This trend most recently culminated in security forces’ violence against the Maasai Indigenous Peoples who were protecting their ancestral land in the Loliondo Division of Ngorongoro District, in northern Tanzania.

On 7 and 8 June, around 700 members of security forces were deployed into five locations in the area, where they installed tented camps to start demarcating the 1,500 square kilometres. On 9 June, the police placed markers to delineate the game reserve, but local Maasai people removed them and remained overnight to guard the site. When security forces returned at daybreak, they started firing live bullets and lobbed teargas at the Maasai.

“We are deeply alarmed at reports of use of live ammunition and tear gas by Tanzanian security forces on 10 June 2022, reportedly resulting in about 30 people sustaining minor to serious injuries from live bullets and the death of a police officer,” the experts said in a statement released on 15 June.

Another situation has been unfolding in the adjacent Ngorongoro Conservation Area, where authorities have reportedly been advancing plans to evict an estimated 80,000 Maasai from their ancestral lands.

Maasai representatives said that there had been no genuine efforts to consult them and that they have learned details of the planned eviction from leaked documents.
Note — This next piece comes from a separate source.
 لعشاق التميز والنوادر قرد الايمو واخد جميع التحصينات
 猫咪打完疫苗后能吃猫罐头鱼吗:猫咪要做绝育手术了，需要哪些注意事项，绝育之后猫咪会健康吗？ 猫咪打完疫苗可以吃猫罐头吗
It was only on 9 February when the National Assembly held a special session discussing the right of the Maasai to live in the area, which has been guaranteed in law since the 1950s.

The Government stated there are no plans to forcibly evict the Maasai but there have been reports of an increased police presence and harassment in Maasai villages, advising locals to “volunteer” for relocation because they would have no choice but to move.

The UN experts said in the statement that it seems impossible to guarantee that the relocation of the Maasai from the area will not amount to forced evictions and arbitrary displacement under international law.

They added that the plans to displace close to 150,000 Maasai from the Ngorongoro Conservation Area and Loliondo will cause irreparable harm, and could amount to dispossession, forced eviction and arbitrary displacement prohibited under international law.

“It could jeopardize the Maasai’s physical and cultural survival in the name of ‘nature conservation’, safari tourism and trophy hunting, ignoring the relationship that the Maasai have traditionally had with their lands, territories and resources and their stewardship role in protecting biodiversity,” the experts said.

The UN human rights experts called on the Tanzanian Government to immediately halt plans for relocation of the people living in Loliondo and the Ngorongoro Conservation Area and begin consultations with the Maasai Indigenous Peoples, including direct contact with the Ngorongoro Pastoral Council, to jointly define current challenges to environmental conservation and best avenues to resolve them, while maintaining a human rights-based approach to conservation.

The experts have previously raised their concerns on this issue with the Government of Tanzania, the UNESCO World Heritage Committee, International Union for Conservation of Nature, and International Council on Monuments and Sites.